▸ **Exercise data**:
****************
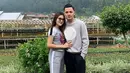 Memakai outfit senada tak hanya ditunjukkan saat momen-momen penting saja. Pelantun lagu duet 'Banyu Moto' ini juga tampil serasi saat di keseharian. Keduanya memakai baju bernuansa abu-abu saat sedang santai menikmati udara sejuk alam pedesaan. (Liputan6.com/IG/@nellakharisma)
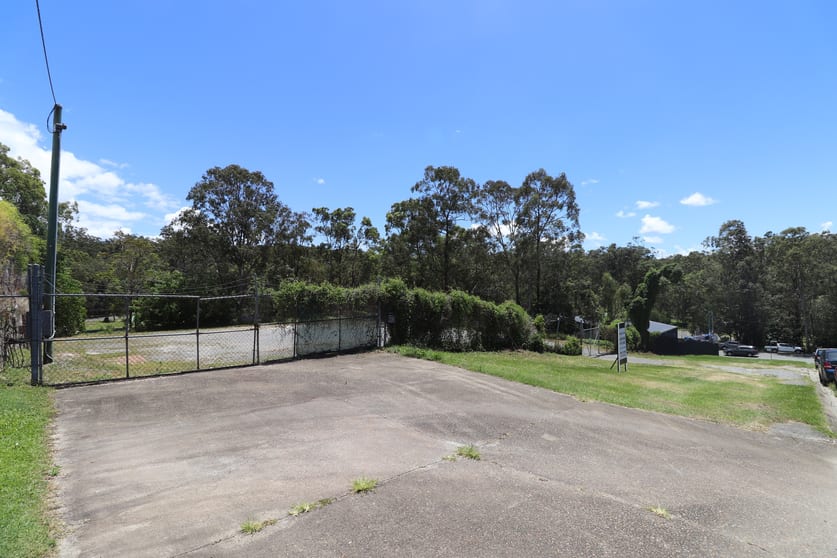 Click to view all images 31 Stevens Street Nerang QLD 4211 - Image 1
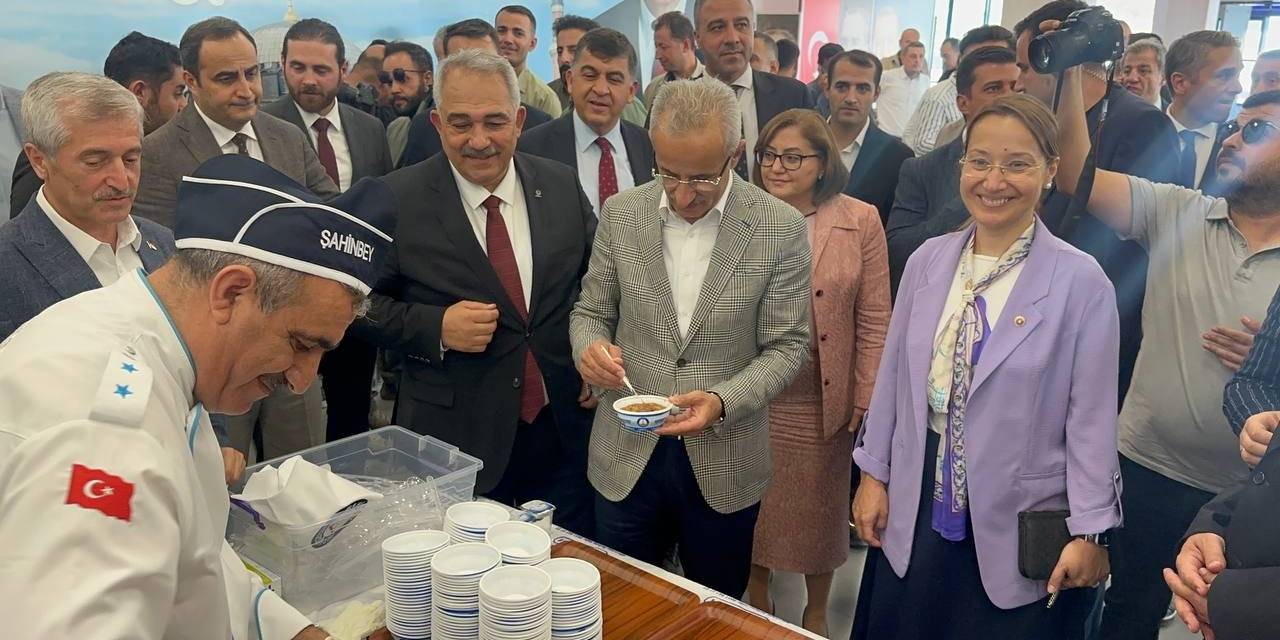 Bakan Uraloğlu, Gaziantep’te Aşure Yedi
****************
▸ **What the task requires**:
Copy out the lines exactly as written, beginning with the one that contains "Click to view" and ending with the last line of the material; do not include pictures.

▸ **Exercise solution**:
 Click to view all images 31 Stevens Street Nerang QLD 4211 - Image 1
 Bakan Uraloğlu, Gaziantep’te Aşure Yedi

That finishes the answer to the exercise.